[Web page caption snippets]
***
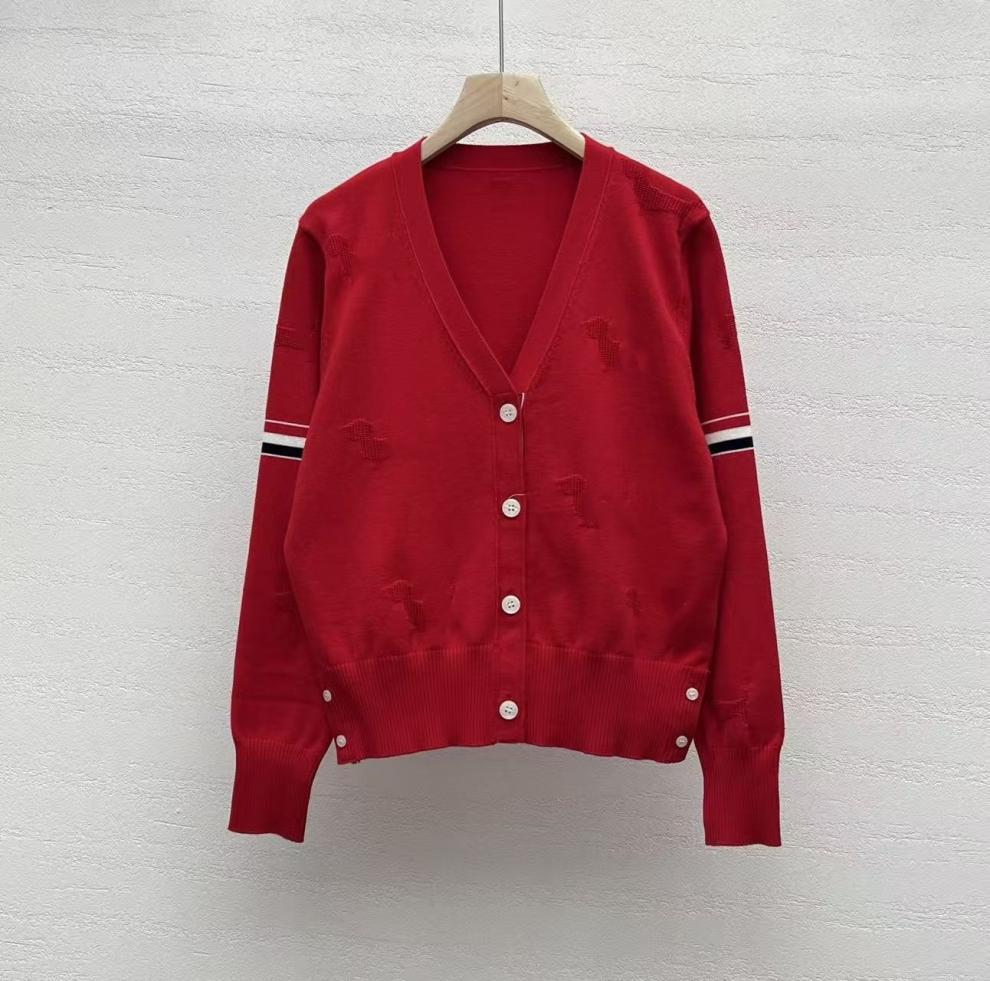 European Academy Style V-neck Logo Jacquard Cardigan - Spring Collection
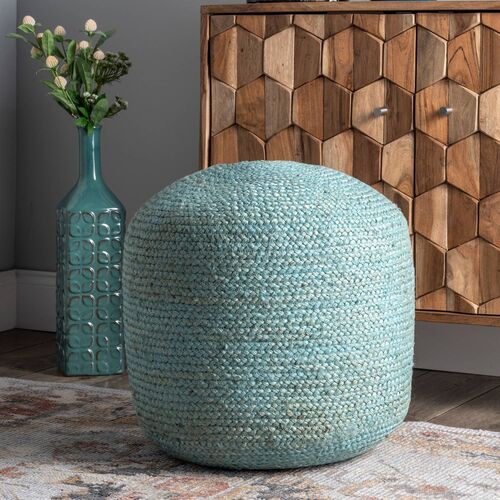 Braided Jute Cable Pouf, Blue 2 Braided Jute Cable Pouf, Blue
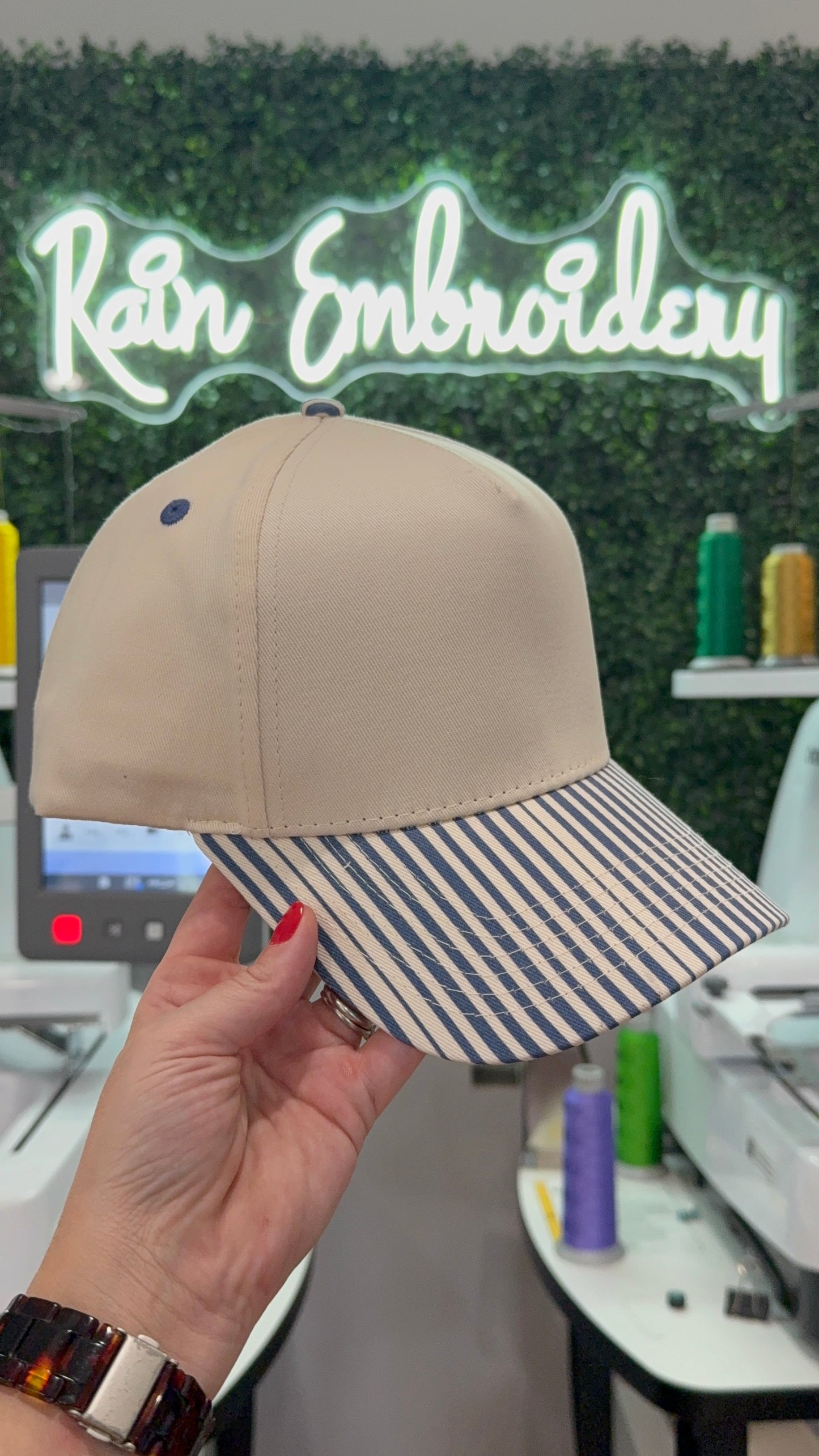 Navy Blue Stripes Trucker Hat (blank)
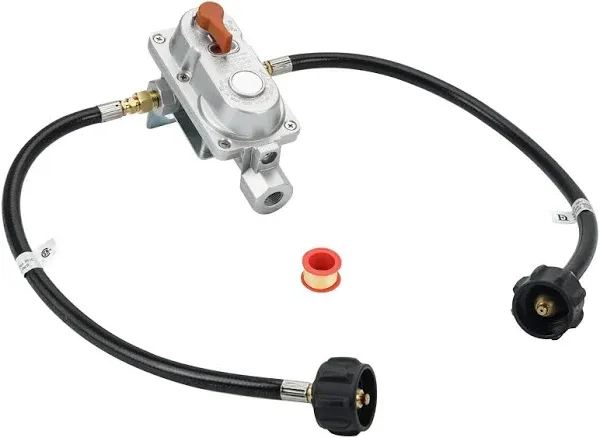 Flame King 2-Stage Auto Changeover LP Propane Gas Regulator with Two 18 Inch Pigtails for RVs, Vans, Trailers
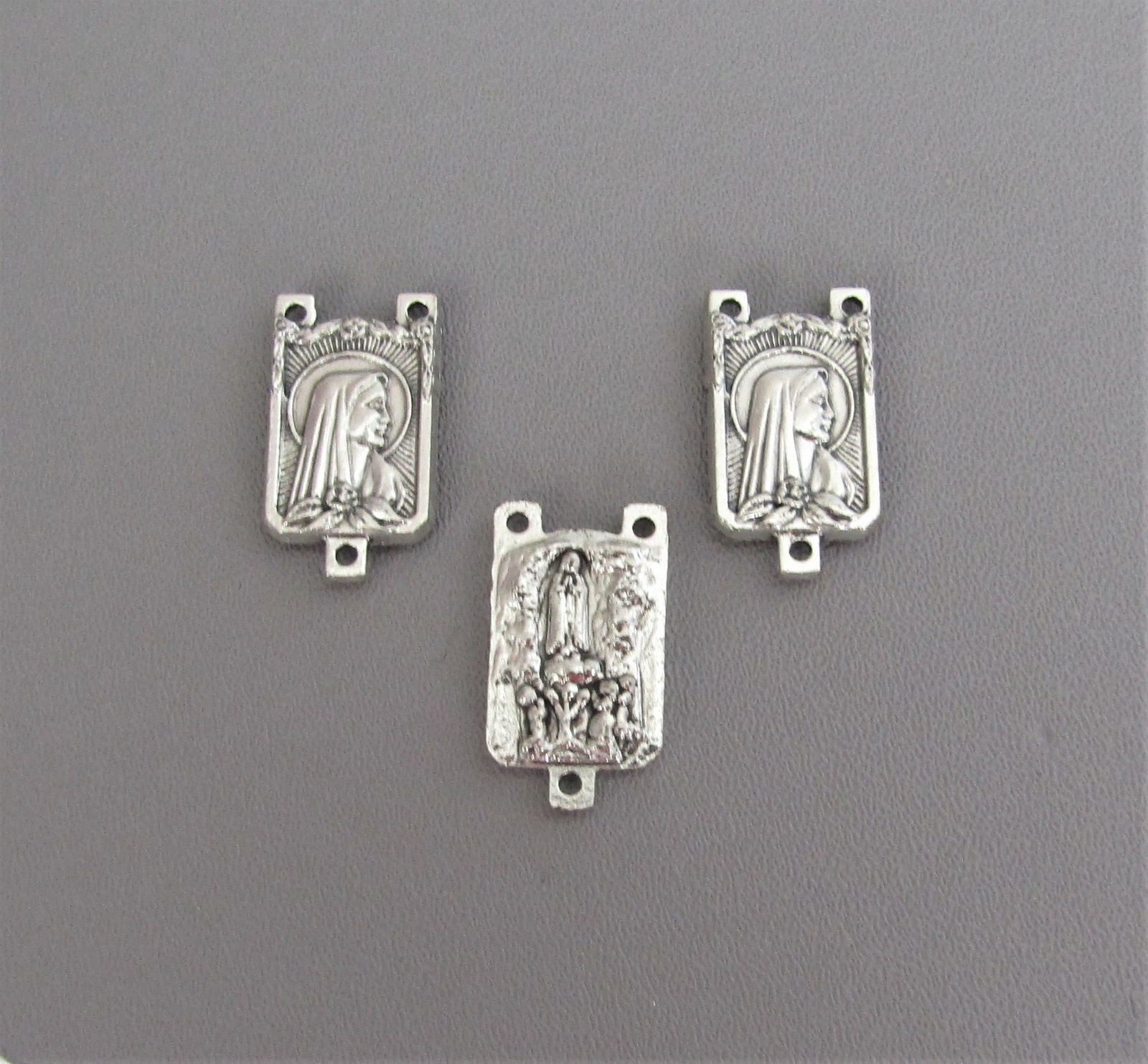 Lot 3 Mary Lady FATIMA Rosary Center Rosaries Centerpiece ITALY T111 SILVER
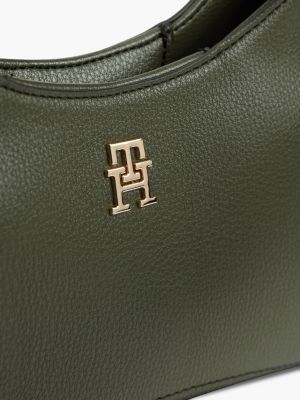 Женская сумка Tommy Hilfiger Monogram Mini Crescent, цвет: Тёмный оливковый — фото 5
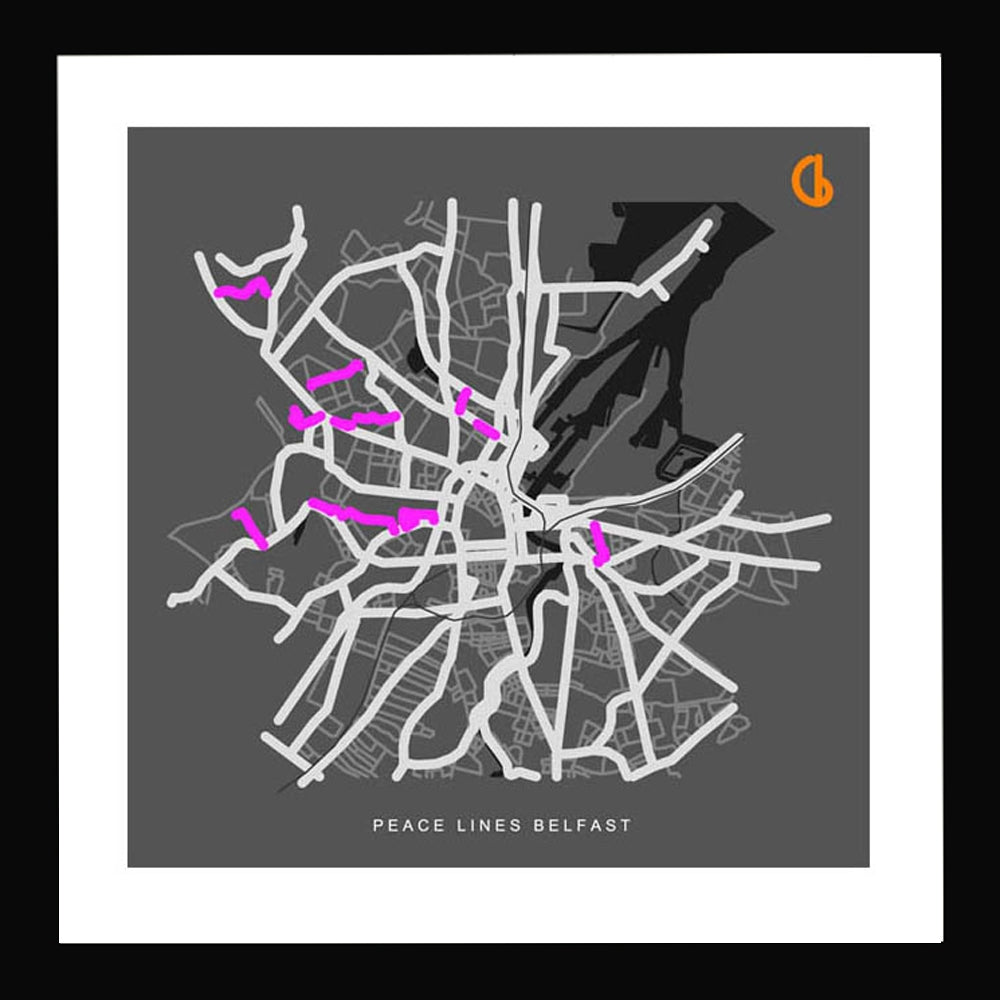 Belfast Peace Lines Black frame 29x29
***
# Exercise aim
Restate each entry word for word, please, but drop any images it holds.

# Solution to this problem
 European Academy Style V-neck Logo Jacquard Cardigan - Spring Collection
 Braided Jute Cable Pouf, Blue 2 Braided Jute Cable Pouf, Blue
 Navy Blue Stripes Trucker Hat (blank)
 Flame King 2-Stage Auto Changeover LP Propane Gas Regulator with Two 18 Inch Pigtails for RVs, Vans, Trailers
 Lot 3 Mary Lady FATIMA Rosary Center Rosaries Centerpiece ITALY T111 SILVER
 Женская сумка Tommy Hilfiger Monogram Mini Crescent, цвет: Тёмный оливковый — фото 5
 Belfast Peace Lines Black frame 29x29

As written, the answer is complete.